China's three flag carriers stop flying Boeing’s 737 MAX 8
More than a dozen Chinese carriers operate the model, with 246 domestic routes and 355 domestic flights scheduled on Monday.
Civil aviation regulators of China, Ethiopia and at least two other jurisdictions have ordered carriers to temporarily stop flying the 737 MAX 8 aircraft, as the crash in Addis Ababa was the second fatal accident in five months involving the latest version of what Boeing calls “the most popular jet aircraft of all time.”
The Civil Aviation Administration of China (CAAC), whose airlines are collectively the world’s biggest customers of the 737 MAX 8, ordered all commercial operations involving the single-aisle jet to halt by 6PM Monday.
China, on track to surpass the United States as the largest air travel market by 2022, may need to buy 7,240 new aircraft by 2037 valued at USD1.1 trillion, making Chinese carriers the largest collective customers for Boeing.
The grounding of the 737 MAX 8 affects more than a dozen Chinese carriers, which have already taken delivery of close to 100 of the model.
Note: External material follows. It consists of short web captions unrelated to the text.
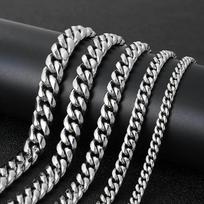 European-American Hip Hop Polished Titanium Steel Cuban Chain Necklace for Men 16 inches (40.64 cm) gray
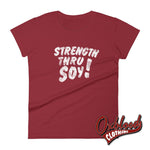 Load image into Gallery viewer, Womens Strength Thru Soy T-Shirt - Straight Edge Clothing Uk Style Independence Red / S
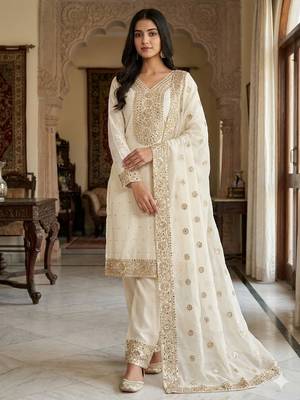 white silk blend  readymade suit with embroidery & sequence work 1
As many as 246 Chinese domestic routes and 355 domestic flights were scheduled on Monday for the jet model, excluding international services, according to Chinese flight data provider VariFlight. As many as 29 flights have already been cancelled, while 259 fights were replaced by other aircraft.
China Southern Airlines, Air China, China Eastern Airlines, Hainan Airlines are among carriers that fly the aircraft, which can carry between 138 to 230 passengers depending on their configurations. The aircraft is listed at USD121.6 million before the discounts that are typical of bulk orders.